Um livro que elevou as aspirações humanas a altos cumes de beleza e profusão de desejos! Fausto/Goethe tudo quer, tudo prova... Quantas sedes!... Quantos sonhos!... Utilizando uma belíssima metáfora de Nietzsche, Fausto é o "rio do ser".

Fausto/Goethe é um dos fundadores do modernidade haja vista que tentando gerenciar e modificar o "seu" velho mundo (medieval), o personagem Fausto vivência as tensões espirituais e as rupturas históricas que irão culminar numa nova ordem sócio-economica. Desse modo, ele vislumbra um novo mundo: o mundo burguês. Como acrescentou Marshall Berman em Tudo O Que É Sólido Desmancha No Ar - A Aventura da Modernidade: "Fausto participa de (e ajuda a criar) uma cultura que abriu uma amplitude e profundidade de desejos e sonhos humanos que se situam muito além das fronteiras clássicas e medievais." Não por acaso, Puchkin se referia a Fausto como a "Ilíada da vida moderna".
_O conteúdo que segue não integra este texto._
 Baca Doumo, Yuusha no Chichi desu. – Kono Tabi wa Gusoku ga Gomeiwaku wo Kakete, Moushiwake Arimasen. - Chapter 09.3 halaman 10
Werther visita a Grécia...

"Assim seja Goethe: nossa sede de plenitude da inteligência, de olhar universal e de produção feliz. Ele representa, Senhores Humanos, uma das nossas melhores tentativas de tornarmos-nos semelhantes aos deuses."
(Paul Valéry)

"Ah! Vivem em meu peito duas almas!"
(Goethe. 'Fausto')

A crítica literária, tradicionalmente, divide de modo arbitrário a vida de Goethe em dois períodos distintos e antagônicos: O jovem Goethe pré-romantico e o velho Goethe neoclacissita. Tal didatismo é simplicista e empolbrecedor da grandeza e amplitude do gênio de Goethe uma vez que só se limita a enxergar no último Goethe uma figura de calma olímpica dotada de um "soberbo autocentrismo", - um homem alquebrado pelo destino e enrijecido pelo tempo. Eis uma visão completamente anacrônica e indigna do autor de Fausto. Argutamente afirmou o grande Erich Auerbach em Mimesis: "É completamente tolo desejar que Goethe tivesse sido diferente do que foi; os seus instintos, as suas inclinações, a posição social que alcançou, os limites que impôs à sua atividade, fazem parte dele; de nada disso pode-se prescindir, sem destruir o conjunto."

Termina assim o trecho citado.